The National Human Rights Commission (NHRC) served notices to Indian authorities on Tuesday over allegations that Bangladesh had denied basic amenities to people living in Indian enclaves being swapped with land pockets from the neighbouring country as part of a historic boundary agreement.
In its communication to the ministries of home and external affairs, the chief secretaries of Assam and West Bengal and the district magistrates of Cooch Behar and Jalpaiguri, the commission said if the complaints were true, they amounted to violation of both human rights as well as the land swap deal.
The development came days after the two nations kicked off on August 1 the process of exchanging 162 landlocked islets, or enclaves, with more than 50,000 virtually stateless residents to mark the resolution of a complex border dispute that had lingered since Independence.

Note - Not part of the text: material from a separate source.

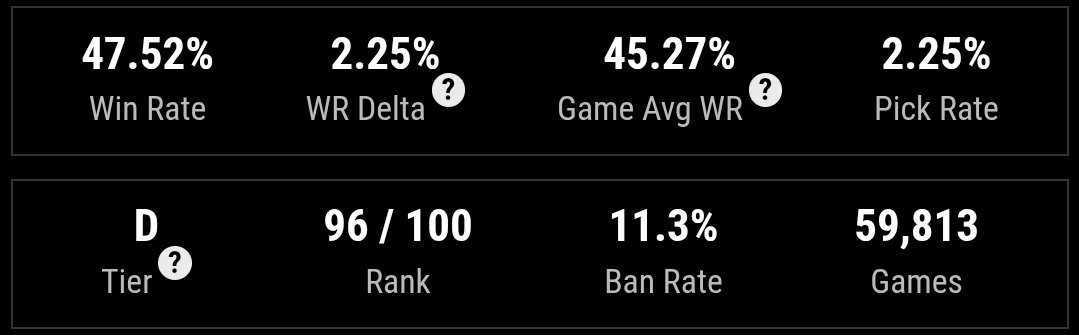 CatsCodeLyfe's tweet photo. @sirtopgap @arshgoyal13 Yeah OP missing the point. Just because you can beat a champ, doesn't mean it's fun to play against. Champ has a 2 pct 11 pct br and 47 pct wr. Even one tricks are not performing that well, and you can't buff her meaningfully. Small rework will benefit her in the longrun https://t.co/0SbLkbt0VF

The NHRC issued a press release, stating that the Indian Enclaves People’s Committee and Kuchlibari Sangram Committee lodged complaints with it highlighting that Indians residing in the Indian enclaves with Bangladesh were being denied fundamental facilities. Many of them were not included in the census for land compensation and women were being captured and sexually exploited.
The members of these committees were people affected by the Land Boundary Agreement.
“The development is a victory for those who were once forced to leave Indian enclaves and for those Indian enclave dwellers who are being intimidated,” said Sadan Kumar Paul, adviser of Kuchlibari Sangram Committee.
The district magistrate of Cooch Behar, P Ulganathan, could not be contacted. As per the NHRC, the complaints stated that about 30,000 people, or most of the residents of the Bangladeshi enclaves in India and Indian enclaves in Bangladesh, were not counted in the census conducted in 2011 and 2015. The petitioners apprehend that these people will not receive the compensation due to them under the land swap deal.
Sources say the development could delay the exchange process.
Under the pact, each country will take over most of the enclaves on its territory and residents will have the right to stay where they are or move to the other side of the border.